- _Goal of the exercise_: Starting with the line in which "sendu asa nan fana" appears, give back every line exactly as written until the listing ends, excluding pictures.

◆ ◆ ◆ ◆

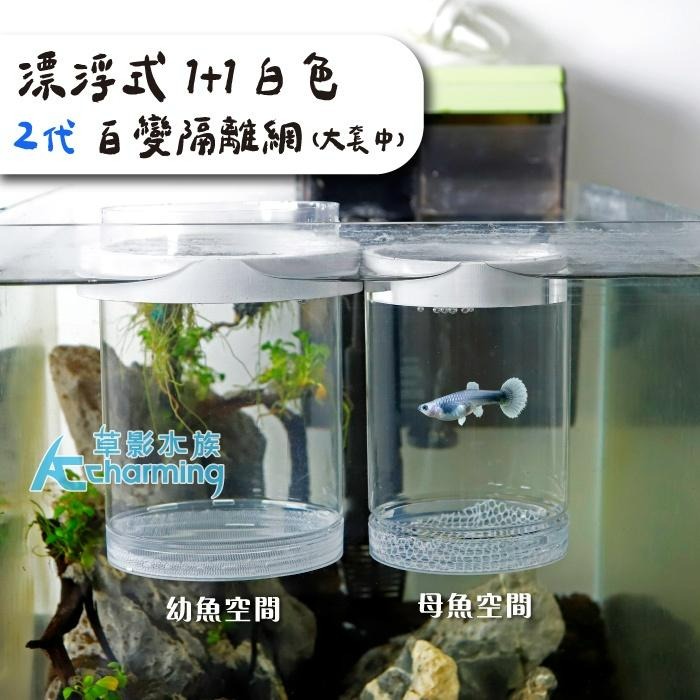 【AC草影】漂浮式 孔雀魚繁殖隔離盒【一組】孔雀魚隔離 小魚躲藏 小蝦躲避 孔雀魚繁殖 飼育盒 1+1 百變隔離網-細節圖6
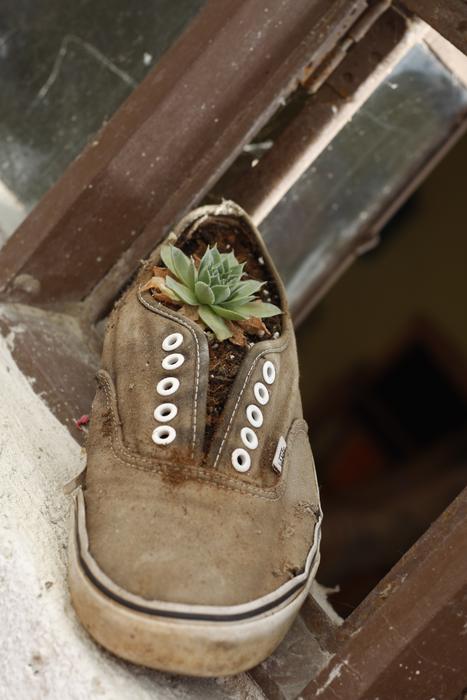 Shoe Plant Flower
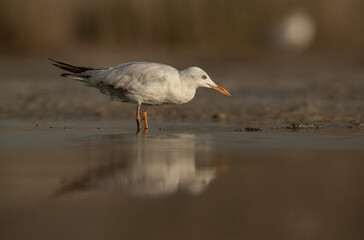 Sender-billed gull at Asker marsh with reflection on water, Bahrain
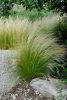 Stipa tenuissima 'Pony Tails' - Árvalányhaj
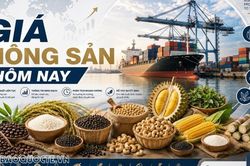 Giá nông sản hôm nay 25/9/2026: Giá cà phê hứa hẹn sớm tìm lại đà phục hồi mạnh, Giá tiêu đi ngang; Mỹ-Trung đạt thỏa thuận thương mại mới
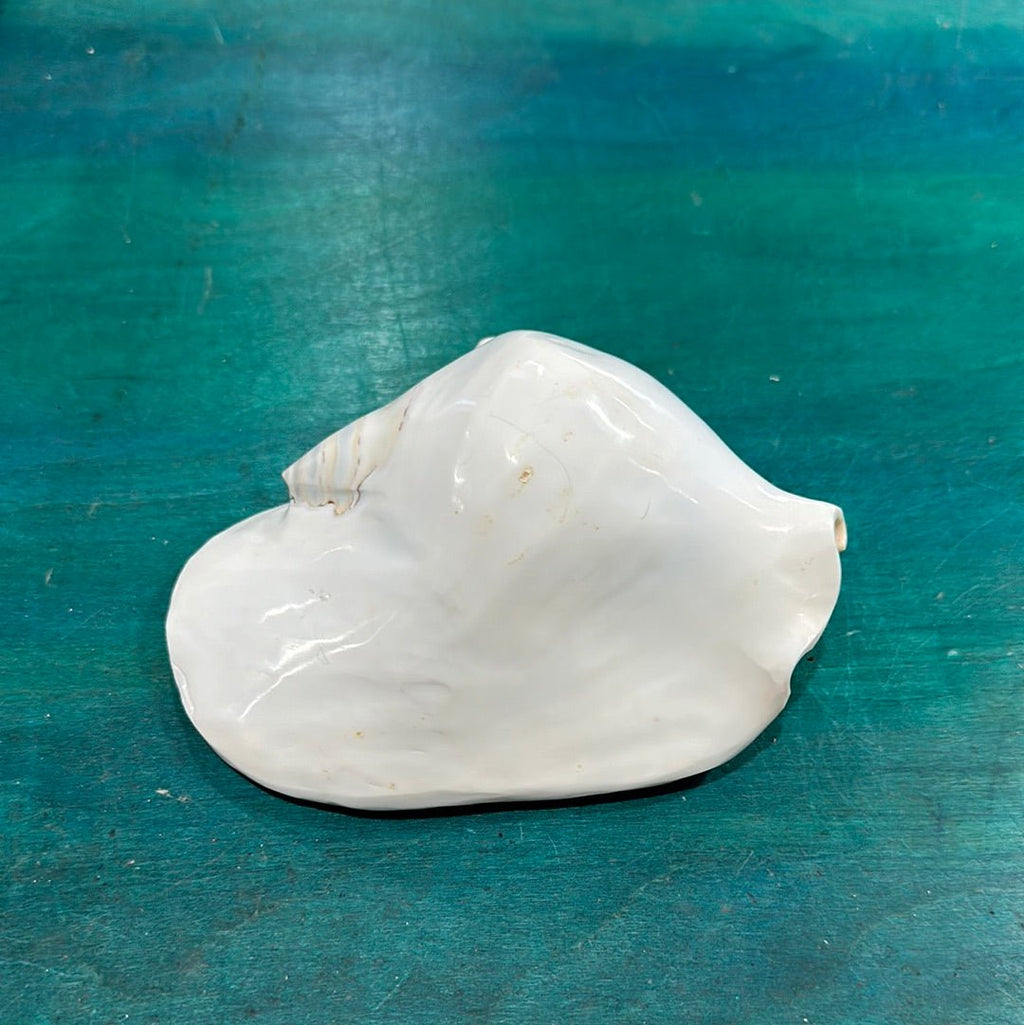 Strombus latissimus aka Widest Pacific Conch, White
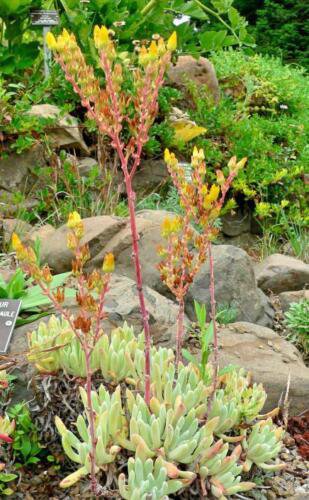 10 seeds - Dudleya caespitosa or Sand Lettuce Plant #ggvm5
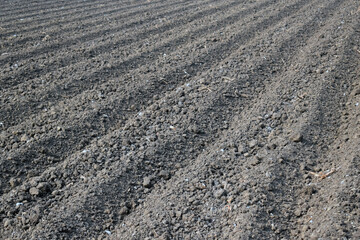 Top Aerial view of furrows row pattern in a plowed field prepared for planting crops in spring. Growing wheat crop in springtime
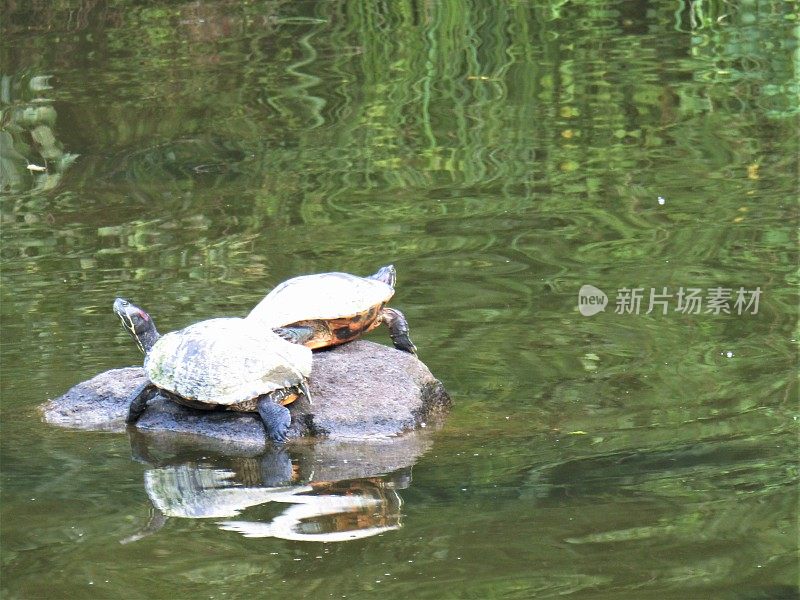 日本。8月。两只乌龟在池塘里的石头上休息。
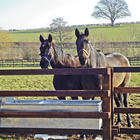 Ben Bonnett Fencing - troughs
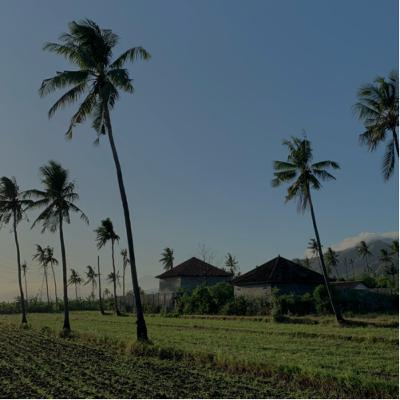sendu asa nan fana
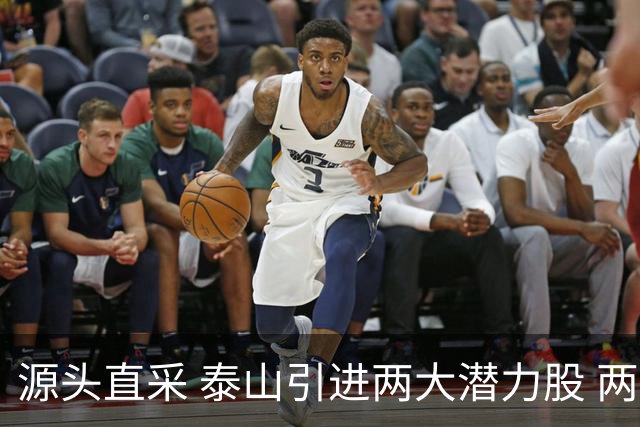 源头直采 泰山引进两大潜力股 两外援抵达济南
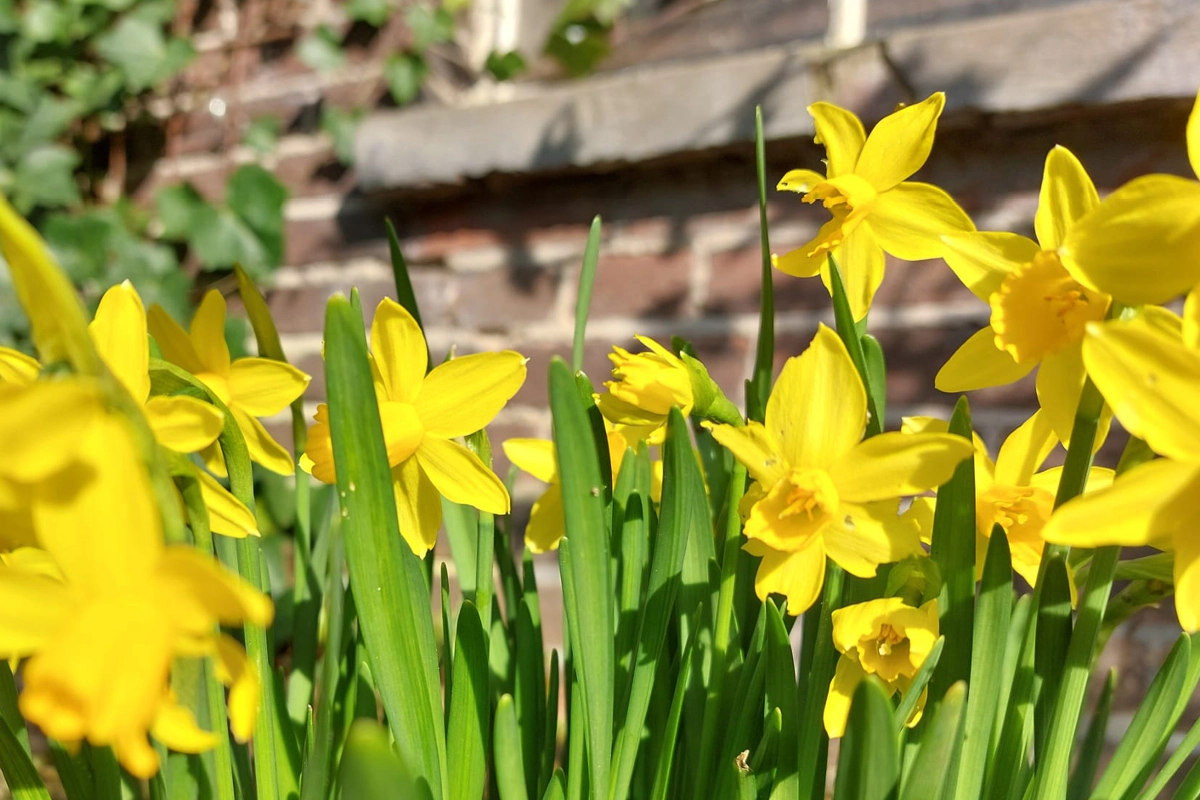 Je tuin in topvorm: het is nú de tijd!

◆ ◆ ◆ ◆

- _Task response_:
sendu asa nan fana
 源头直采 泰山引进两大潜力股 两外援抵达济南
 Je tuin in topvorm: het is nú de tijd!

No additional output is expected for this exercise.